(Caption-style text data)

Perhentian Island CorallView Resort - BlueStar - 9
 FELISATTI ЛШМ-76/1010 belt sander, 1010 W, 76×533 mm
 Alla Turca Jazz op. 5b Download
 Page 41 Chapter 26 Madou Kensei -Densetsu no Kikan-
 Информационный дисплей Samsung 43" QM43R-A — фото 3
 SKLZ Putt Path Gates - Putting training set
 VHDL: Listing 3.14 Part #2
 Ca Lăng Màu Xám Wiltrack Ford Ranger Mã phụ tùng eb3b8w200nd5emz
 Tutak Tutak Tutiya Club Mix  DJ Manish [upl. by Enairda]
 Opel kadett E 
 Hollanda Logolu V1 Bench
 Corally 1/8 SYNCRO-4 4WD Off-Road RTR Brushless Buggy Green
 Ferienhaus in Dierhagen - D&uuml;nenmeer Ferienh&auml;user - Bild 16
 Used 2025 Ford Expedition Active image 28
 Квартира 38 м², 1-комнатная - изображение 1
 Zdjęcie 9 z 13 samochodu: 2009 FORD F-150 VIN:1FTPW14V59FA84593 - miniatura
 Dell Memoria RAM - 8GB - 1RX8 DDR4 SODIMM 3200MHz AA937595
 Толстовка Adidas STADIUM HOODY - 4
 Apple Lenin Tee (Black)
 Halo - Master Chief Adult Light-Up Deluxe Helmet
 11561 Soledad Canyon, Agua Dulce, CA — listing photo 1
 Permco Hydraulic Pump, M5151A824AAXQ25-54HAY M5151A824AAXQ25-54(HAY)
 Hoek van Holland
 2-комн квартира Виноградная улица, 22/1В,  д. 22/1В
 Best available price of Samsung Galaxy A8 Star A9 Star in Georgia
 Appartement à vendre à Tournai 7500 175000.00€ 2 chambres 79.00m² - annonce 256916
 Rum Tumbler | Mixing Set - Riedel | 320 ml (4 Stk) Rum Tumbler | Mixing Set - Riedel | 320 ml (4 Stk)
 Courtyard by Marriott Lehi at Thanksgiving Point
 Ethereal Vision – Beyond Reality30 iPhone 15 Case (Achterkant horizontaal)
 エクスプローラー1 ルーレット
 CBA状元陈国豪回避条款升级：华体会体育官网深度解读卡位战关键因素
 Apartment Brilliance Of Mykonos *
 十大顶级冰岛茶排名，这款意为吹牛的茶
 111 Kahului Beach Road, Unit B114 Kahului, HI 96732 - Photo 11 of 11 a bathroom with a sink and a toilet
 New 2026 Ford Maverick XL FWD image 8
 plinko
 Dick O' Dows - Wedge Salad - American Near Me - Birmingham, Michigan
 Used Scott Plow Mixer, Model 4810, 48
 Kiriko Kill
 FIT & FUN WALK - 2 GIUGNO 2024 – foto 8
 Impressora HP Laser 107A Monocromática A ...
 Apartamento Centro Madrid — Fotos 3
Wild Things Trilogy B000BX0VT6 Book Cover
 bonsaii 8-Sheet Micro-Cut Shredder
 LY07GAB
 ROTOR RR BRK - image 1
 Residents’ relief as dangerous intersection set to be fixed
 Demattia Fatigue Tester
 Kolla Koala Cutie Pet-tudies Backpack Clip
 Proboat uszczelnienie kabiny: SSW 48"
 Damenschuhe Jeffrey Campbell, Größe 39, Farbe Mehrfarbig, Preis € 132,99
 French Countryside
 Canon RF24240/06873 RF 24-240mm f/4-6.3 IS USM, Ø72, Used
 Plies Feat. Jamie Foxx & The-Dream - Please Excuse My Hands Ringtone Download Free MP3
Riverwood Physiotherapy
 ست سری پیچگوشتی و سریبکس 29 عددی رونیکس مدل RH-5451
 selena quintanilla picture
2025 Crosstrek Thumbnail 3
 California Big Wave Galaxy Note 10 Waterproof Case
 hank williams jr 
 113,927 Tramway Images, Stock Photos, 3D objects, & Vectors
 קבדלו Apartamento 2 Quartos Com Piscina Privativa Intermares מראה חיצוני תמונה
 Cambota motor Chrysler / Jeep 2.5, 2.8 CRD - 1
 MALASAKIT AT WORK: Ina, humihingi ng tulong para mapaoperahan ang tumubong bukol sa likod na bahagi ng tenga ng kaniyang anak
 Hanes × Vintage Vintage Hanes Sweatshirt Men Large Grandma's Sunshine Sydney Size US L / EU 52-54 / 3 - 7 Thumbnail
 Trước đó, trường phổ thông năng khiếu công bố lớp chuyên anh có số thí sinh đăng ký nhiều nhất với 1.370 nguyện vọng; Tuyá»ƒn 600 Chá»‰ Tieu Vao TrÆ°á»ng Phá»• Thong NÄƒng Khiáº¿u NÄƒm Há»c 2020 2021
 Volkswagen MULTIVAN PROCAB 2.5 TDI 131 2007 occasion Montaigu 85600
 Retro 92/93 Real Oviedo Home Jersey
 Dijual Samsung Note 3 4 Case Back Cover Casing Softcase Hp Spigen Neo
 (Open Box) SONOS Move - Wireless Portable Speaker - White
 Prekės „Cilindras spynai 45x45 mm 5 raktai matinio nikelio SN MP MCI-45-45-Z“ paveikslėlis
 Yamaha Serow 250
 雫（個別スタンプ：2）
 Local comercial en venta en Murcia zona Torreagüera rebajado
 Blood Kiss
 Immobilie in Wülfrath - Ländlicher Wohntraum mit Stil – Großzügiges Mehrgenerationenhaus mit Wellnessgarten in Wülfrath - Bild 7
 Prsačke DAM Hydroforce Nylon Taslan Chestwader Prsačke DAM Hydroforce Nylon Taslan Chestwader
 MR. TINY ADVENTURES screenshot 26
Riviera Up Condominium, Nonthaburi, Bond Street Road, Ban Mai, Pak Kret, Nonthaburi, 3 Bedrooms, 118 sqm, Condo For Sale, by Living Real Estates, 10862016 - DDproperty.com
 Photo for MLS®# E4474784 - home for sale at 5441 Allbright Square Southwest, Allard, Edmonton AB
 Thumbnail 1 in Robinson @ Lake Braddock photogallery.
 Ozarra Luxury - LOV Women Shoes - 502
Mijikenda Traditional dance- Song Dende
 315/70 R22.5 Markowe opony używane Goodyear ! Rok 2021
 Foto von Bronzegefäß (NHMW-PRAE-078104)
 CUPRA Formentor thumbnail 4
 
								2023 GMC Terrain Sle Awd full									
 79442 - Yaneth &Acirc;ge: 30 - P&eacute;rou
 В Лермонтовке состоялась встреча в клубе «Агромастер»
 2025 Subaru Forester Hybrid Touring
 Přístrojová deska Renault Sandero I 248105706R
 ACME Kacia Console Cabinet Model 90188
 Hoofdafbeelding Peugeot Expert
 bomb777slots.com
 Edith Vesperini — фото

PROMPT. Every line in the entries above that has the word "Samsung" should be identified and copied.

THE COMPLETED TASK.
 Информационный дисплей Samsung 43" QM43R-A — фото 3
 Best available price of Samsung Galaxy A8 Star A9 Star in Georgia
 Dijual Samsung Note 3 4 Case Back Cover Casing Softcase Hp Spigen Neo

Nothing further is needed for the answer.